■ **DATA SECTION**
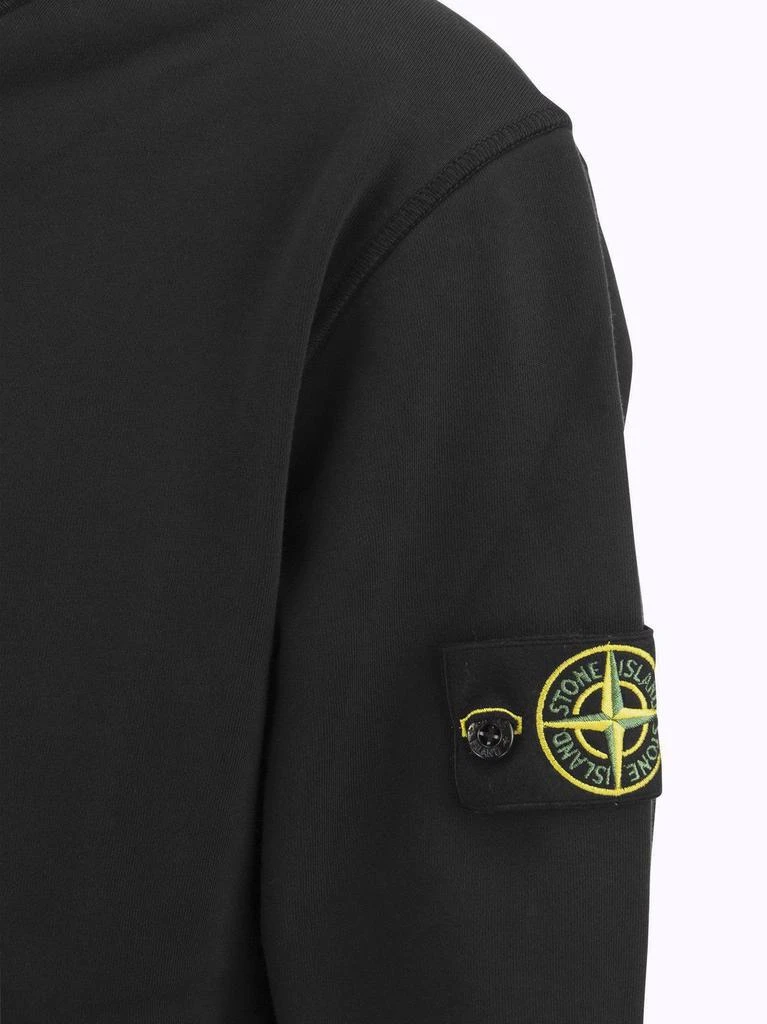 Stone Island Stone Island Zip-Up Drawstring Hoodie 4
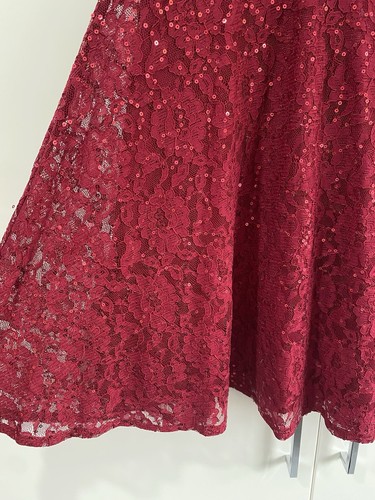 Select Women's Red Dress Size 8 Sequin Christmas Party Occasionwear Short Sleeve - Picture 4 of 12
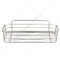Zhaosheng - Cesta de almacenamiento colgante de acero inoxidable para baño, estante esquinero, paquete de 2, carrito de ducha adhesivo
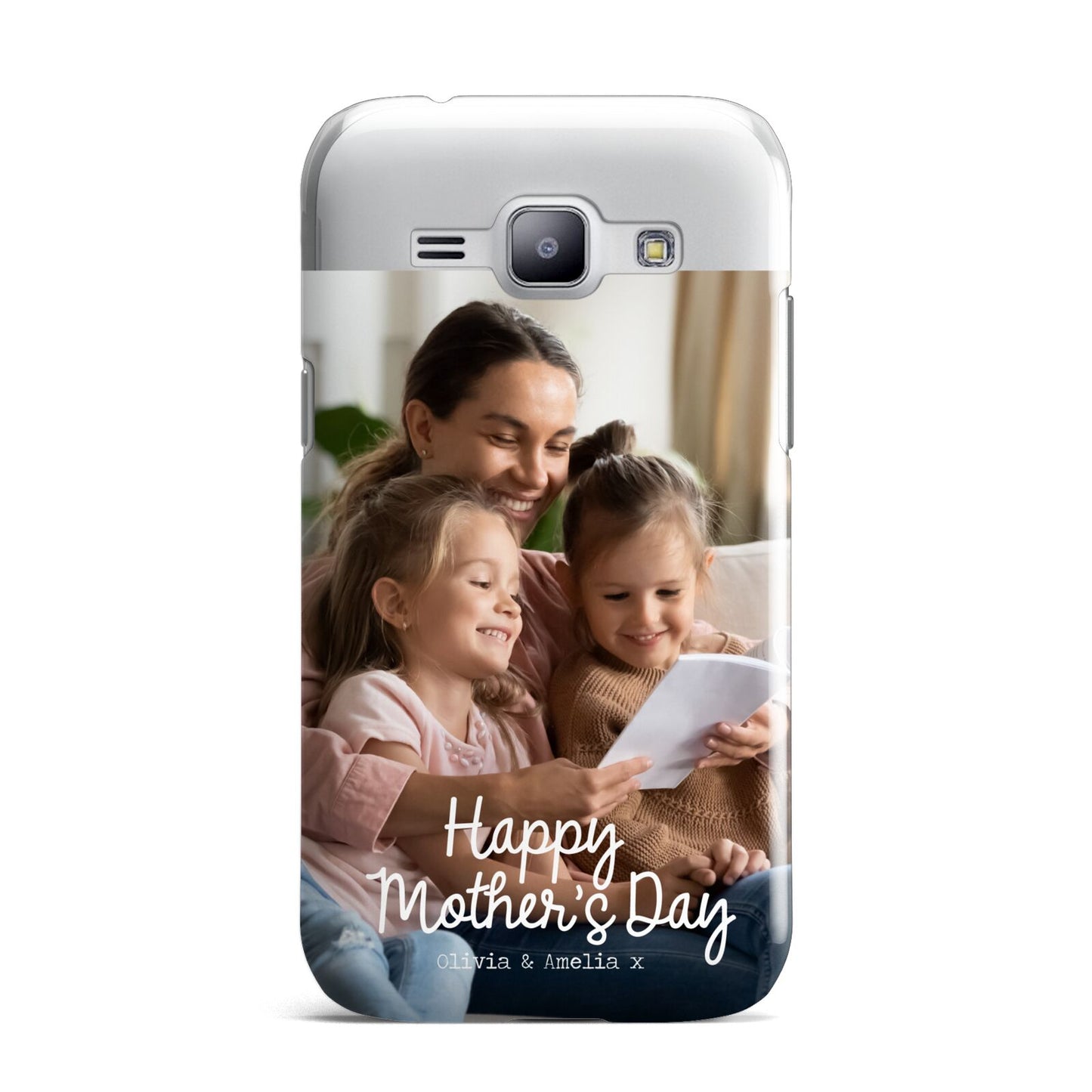 Mothers Day Family Photo with Names Samsung Galaxy J1 2015 Case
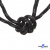 Шнурки #3-10, круглые с наполнителем 130 см, светоотражающие, цв.-чёрный - купить в Владикавказе. Цена: 75.38 руб.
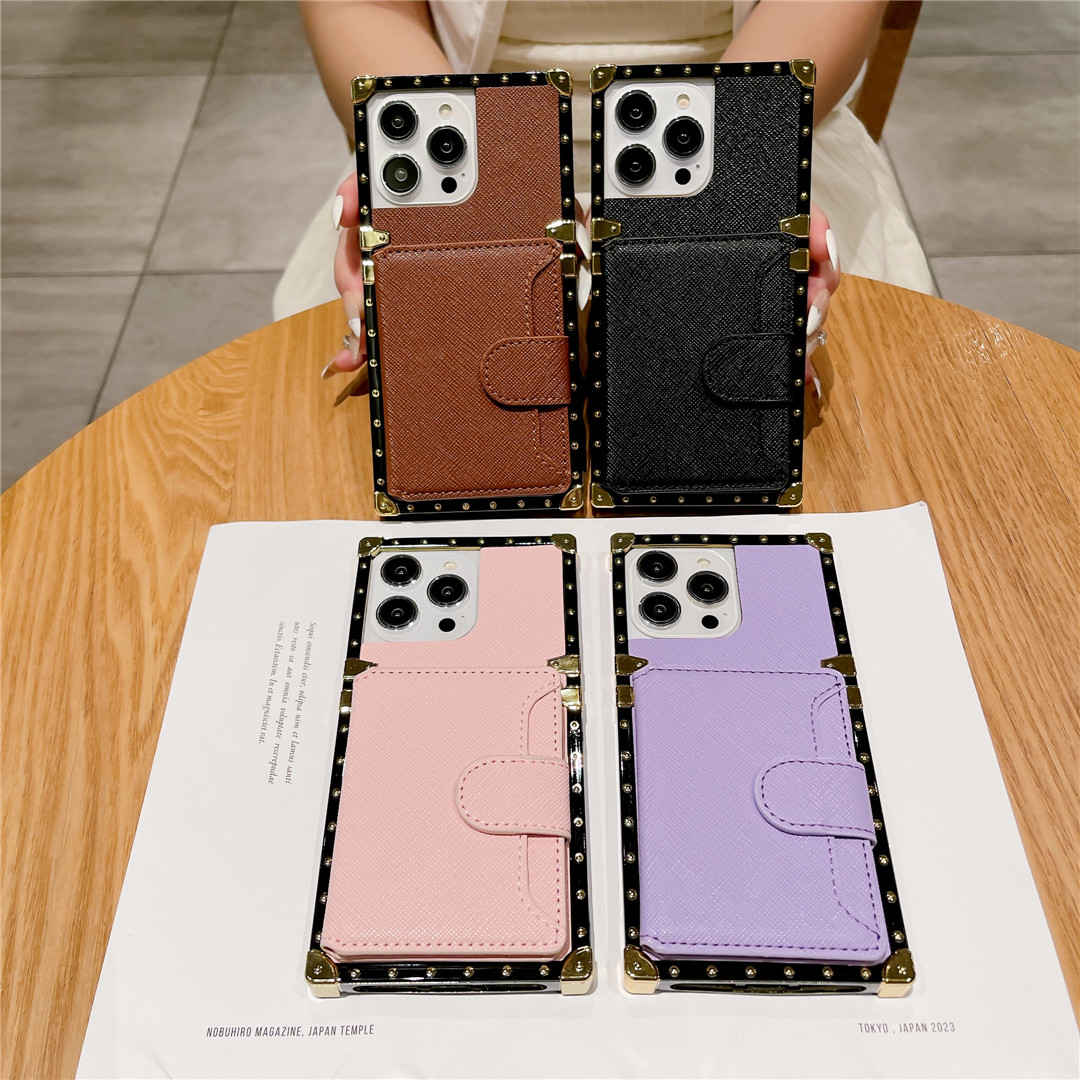 square iphone case with cardholder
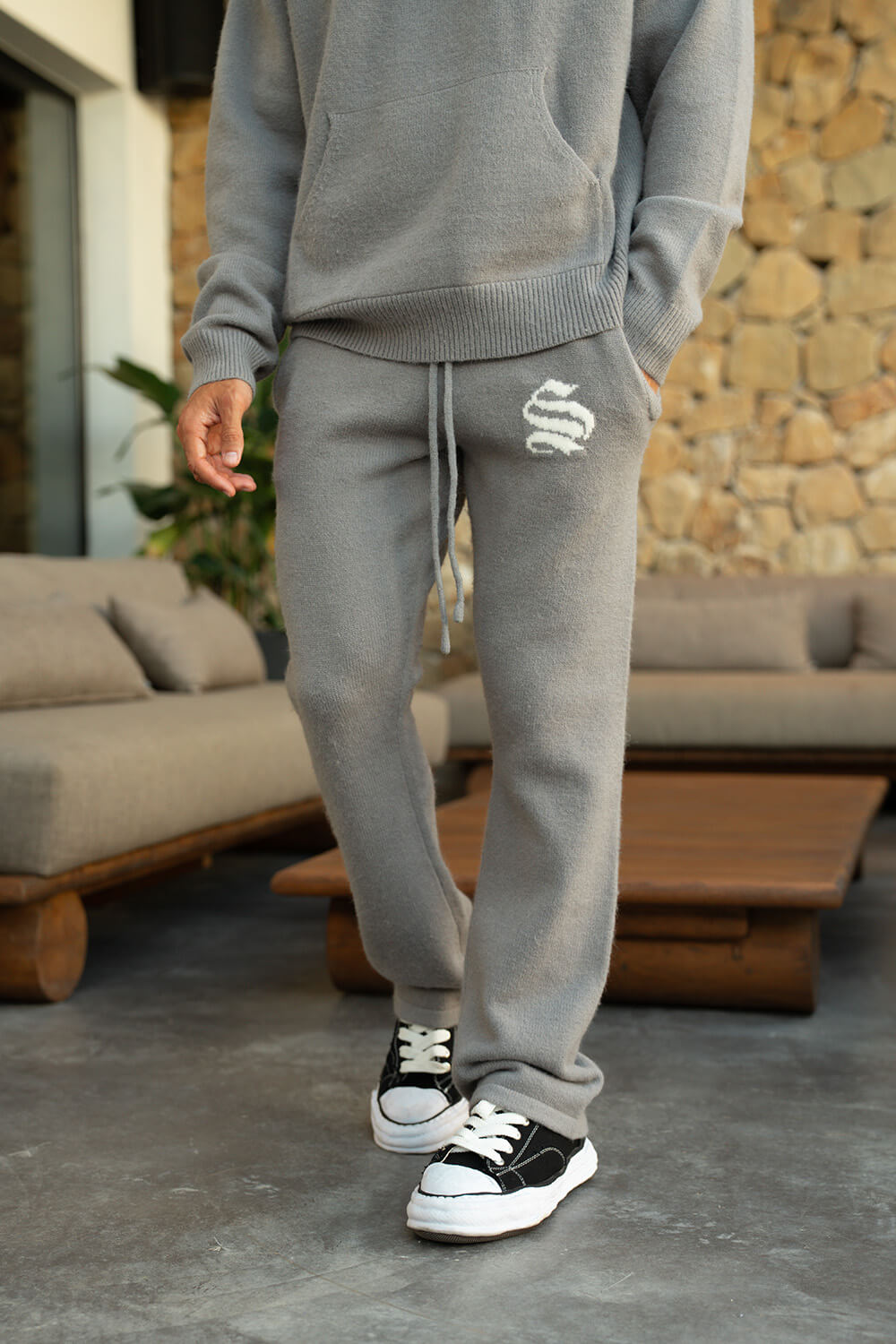 Palais Knitted Joggers - Grey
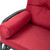 Steel Outdoor Garden Patio Rocking Glider Chair Loveseat with Red Cushions Q280-REOSGC567355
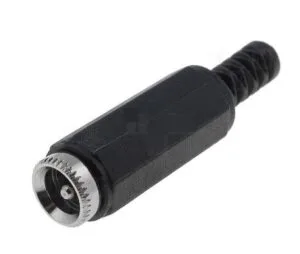 Conector hembra CC de 5.5 x 2.1 mm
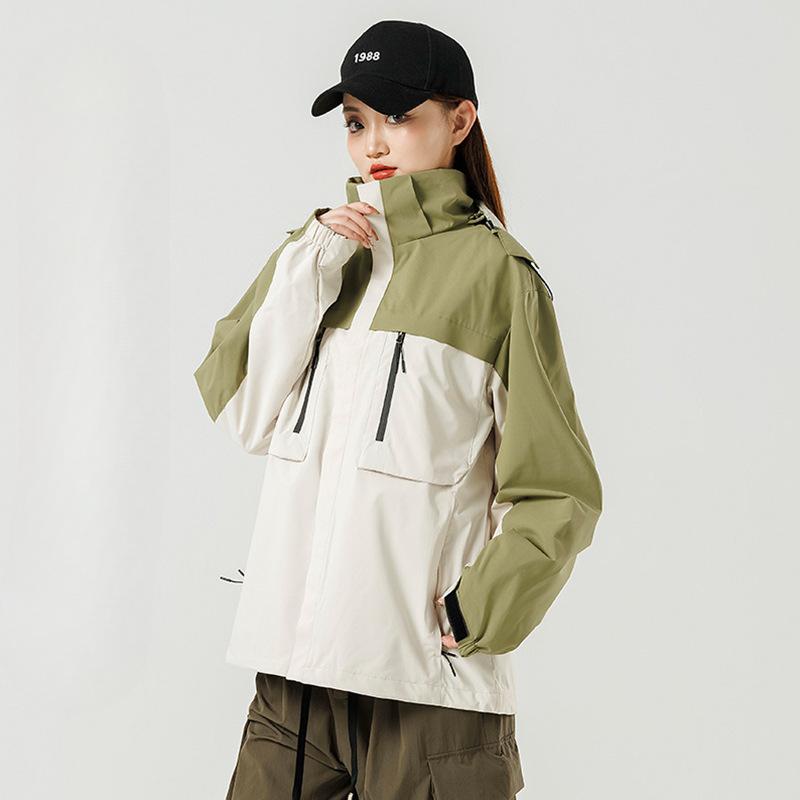 Couple Style Jacket Spring and Autumn Loose Work Jacket Jacket Men and Women Same Outdoor Waterproof Windproof Mountaineering Suit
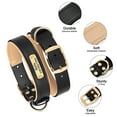 thumbnail image 4 of Didog Personalized Genuine Leather Padded Dog Collars Engraved Nameplate with D ring, 4 of 9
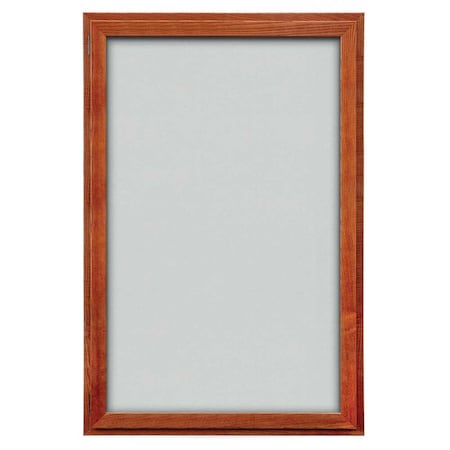 United Visual Products Indoor Enclosed Combo Board, 72"x36", Satin Frame/Burgundy & Cloud UVCB7236-BURGUN-CLOUD
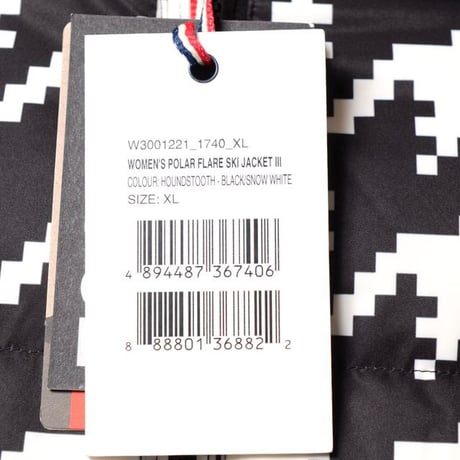 インポートブランド import brand パーフェクトモーメント PERFECT MOMENT 千鳥格子スキージャケット ポリエステル ブラック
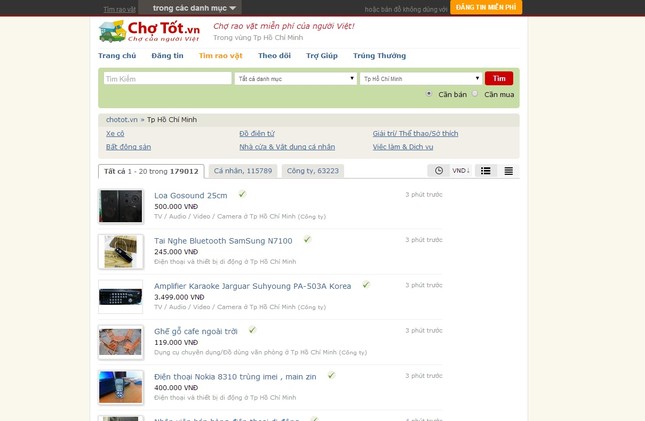 Công thức lọt top các website rao vặt lớn nhất tại Việt Nam ảnh 2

■ **TASK REQUIREMENTS**
Could the material above be given again exactly, pictures excluded?

■ **SOLUTION FOR THIS TASK**
 Stone Island Stone Island Zip-Up Drawstring Hoodie 4
 Select Women's Red Dress Size 8 Sequin Christmas Party Occasionwear Short Sleeve - Picture 4 of 12
Zhaosheng - Cesta de almacenamiento colgante de acero inoxidable para baño, estante esquinero, paquete de 2, carrito de ducha adhesivo
 Mothers Day Family Photo with Names Samsung Galaxy J1 2015 Case
 Шнурки #3-10, круглые с наполнителем 130 см, светоотражающие, цв.-чёрный - купить в Владикавказе. Цена: 75.38 руб.
 square iphone case with cardholder
 Palais Knitted Joggers - Grey
 Steel Outdoor Garden Patio Rocking Glider Chair Loveseat with Red Cushions Q280-REOSGC567355
 Conector hembra CC de 5.5 x 2.1 mm
 Couple Style Jacket Spring and Autumn Loose Work Jacket Jacket Men and Women Same Outdoor Waterproof Windproof Mountaineering Suit
 thumbnail image 4 of Didog Personalized Genuine Leather Padded Dog Collars Engraved Nameplate with D ring, 4 of 9
 United Visual Products Indoor Enclosed Combo Board, 72"x36", Satin Frame/Burgundy & Cloud UVCB7236-BURGUN-CLOUD
 インポートブランド import brand パーフェクトモーメント PERFECT MOMENT 千鳥格子スキージャケット ポリエステル ブラック
 Công thức lọt top các website rao vặt lớn nhất tại Việt Nam ảnh 2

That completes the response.